Items listed in a dataset:

--------

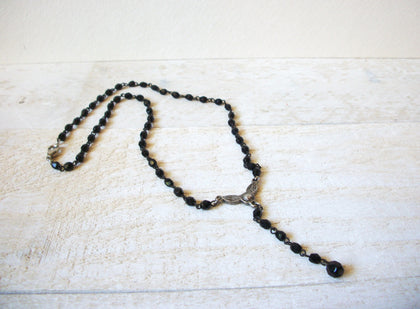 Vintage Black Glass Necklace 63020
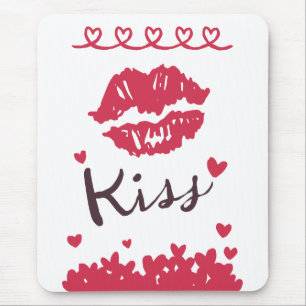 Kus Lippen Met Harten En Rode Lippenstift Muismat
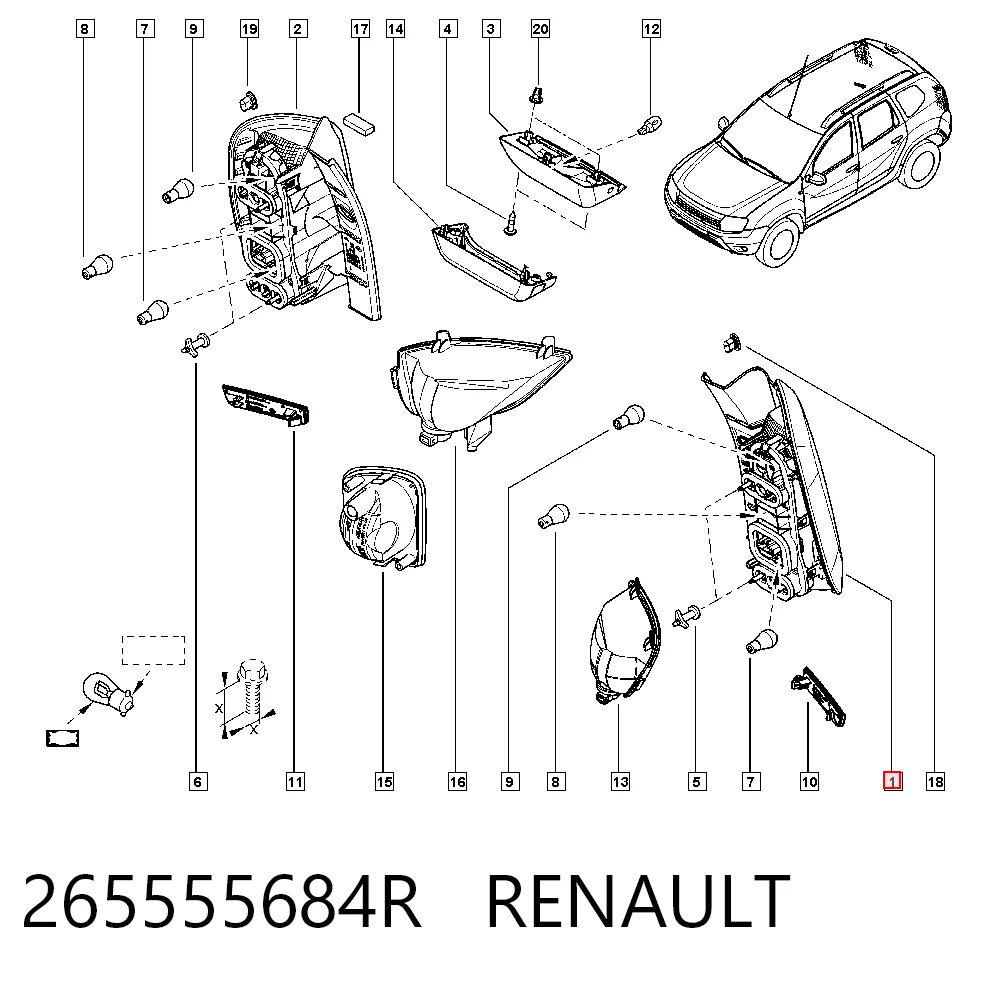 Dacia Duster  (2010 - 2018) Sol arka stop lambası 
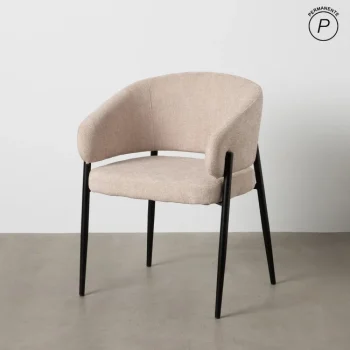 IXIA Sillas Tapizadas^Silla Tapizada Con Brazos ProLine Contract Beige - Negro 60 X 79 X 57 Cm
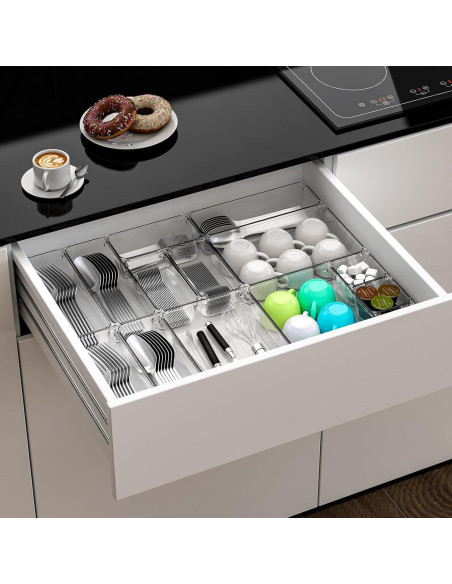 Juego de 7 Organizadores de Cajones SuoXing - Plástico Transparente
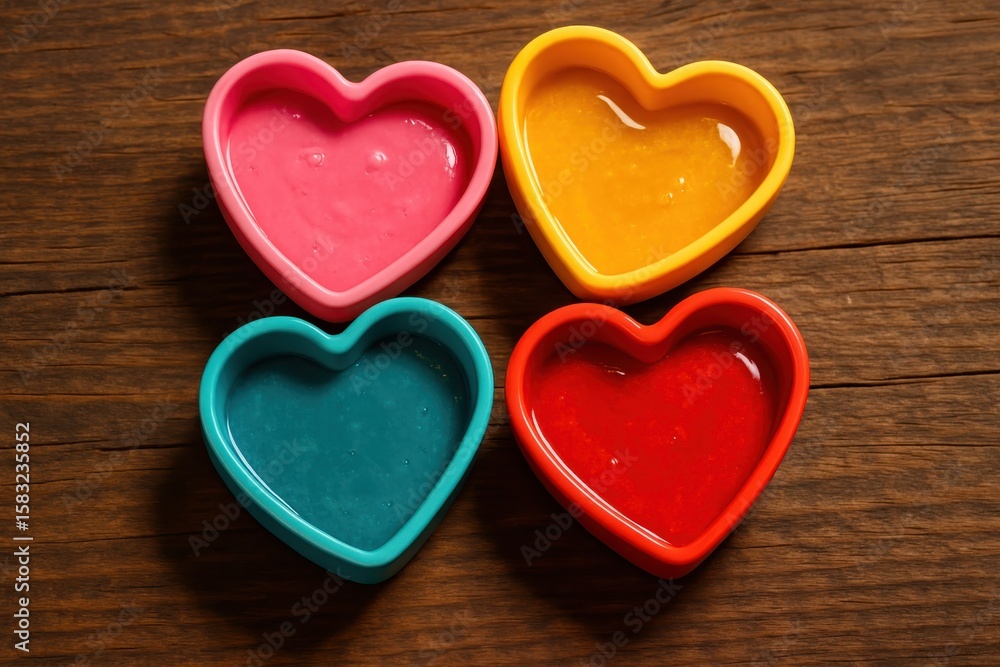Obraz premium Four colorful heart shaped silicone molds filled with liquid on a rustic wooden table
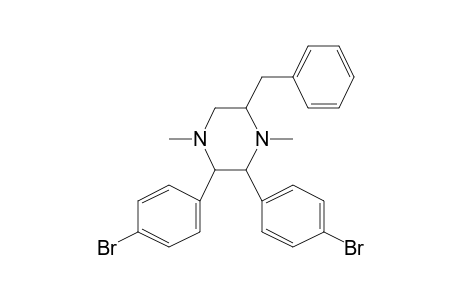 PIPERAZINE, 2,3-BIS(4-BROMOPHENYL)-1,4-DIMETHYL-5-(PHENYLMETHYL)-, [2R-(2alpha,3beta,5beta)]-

--------

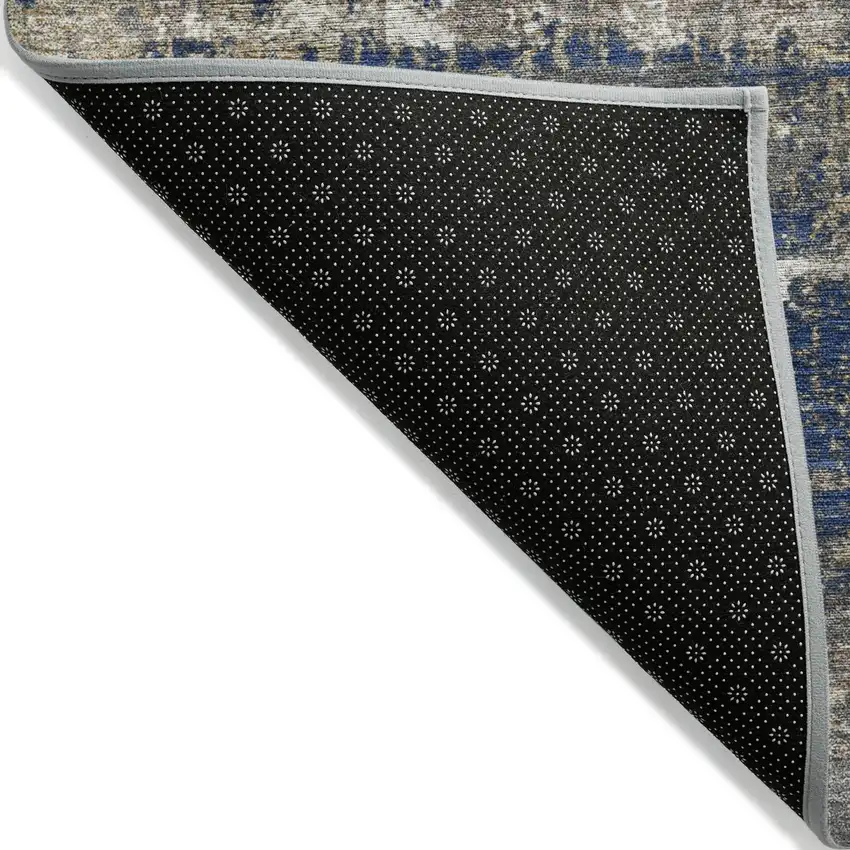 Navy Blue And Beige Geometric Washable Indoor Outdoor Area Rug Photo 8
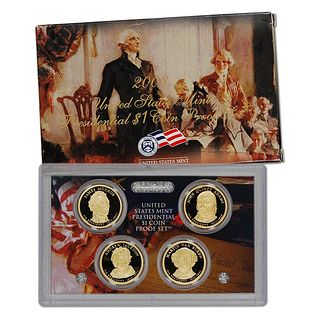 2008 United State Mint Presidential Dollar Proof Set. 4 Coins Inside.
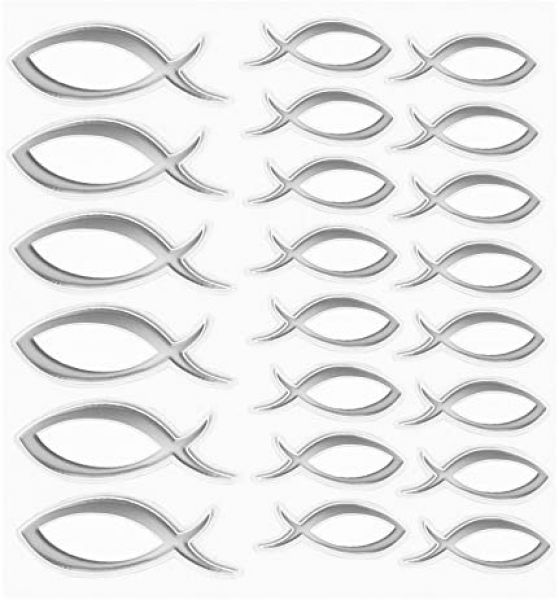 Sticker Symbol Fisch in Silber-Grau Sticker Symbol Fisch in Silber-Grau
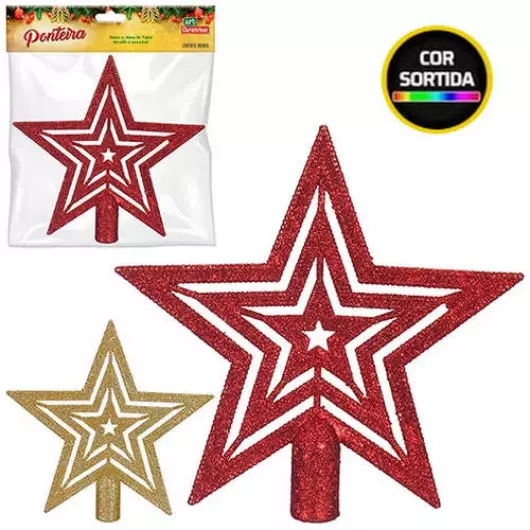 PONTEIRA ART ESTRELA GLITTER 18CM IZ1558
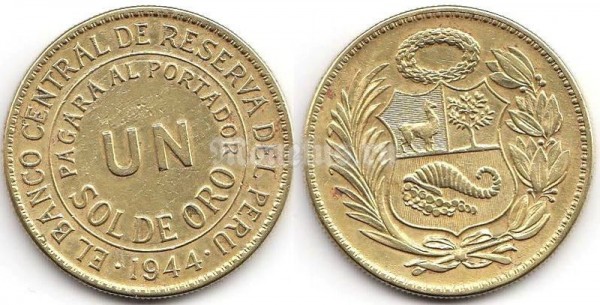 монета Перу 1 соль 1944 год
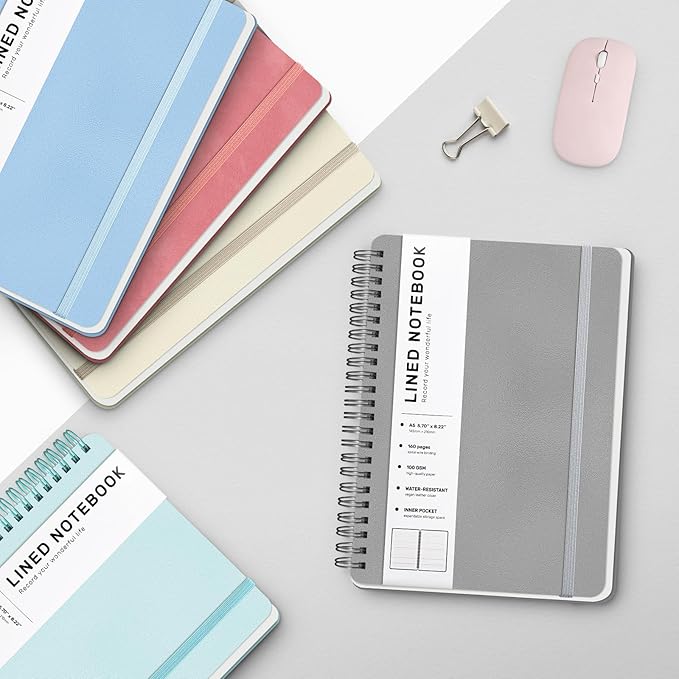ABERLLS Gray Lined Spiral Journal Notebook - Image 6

--------

> Exercise aim:
In the data above, find the line with "Navy Blue And" and the line with "ABERLLS Gray Lined". Please copy exactly those two lines and every line between them, but not the pictures.

> Answer space:
 Navy Blue And Beige Geometric Washable Indoor Outdoor Area Rug Photo 8
 2008 United State Mint Presidential Dollar Proof Set. 4 Coins Inside.
 Sticker Symbol Fisch in Silber-Grau Sticker Symbol Fisch in Silber-Grau
 PONTEIRA ART ESTRELA GLITTER 18CM IZ1558
 монета Перу 1 соль 1944 год
ABERLLS Gray Lined Spiral Journal Notebook - Image 6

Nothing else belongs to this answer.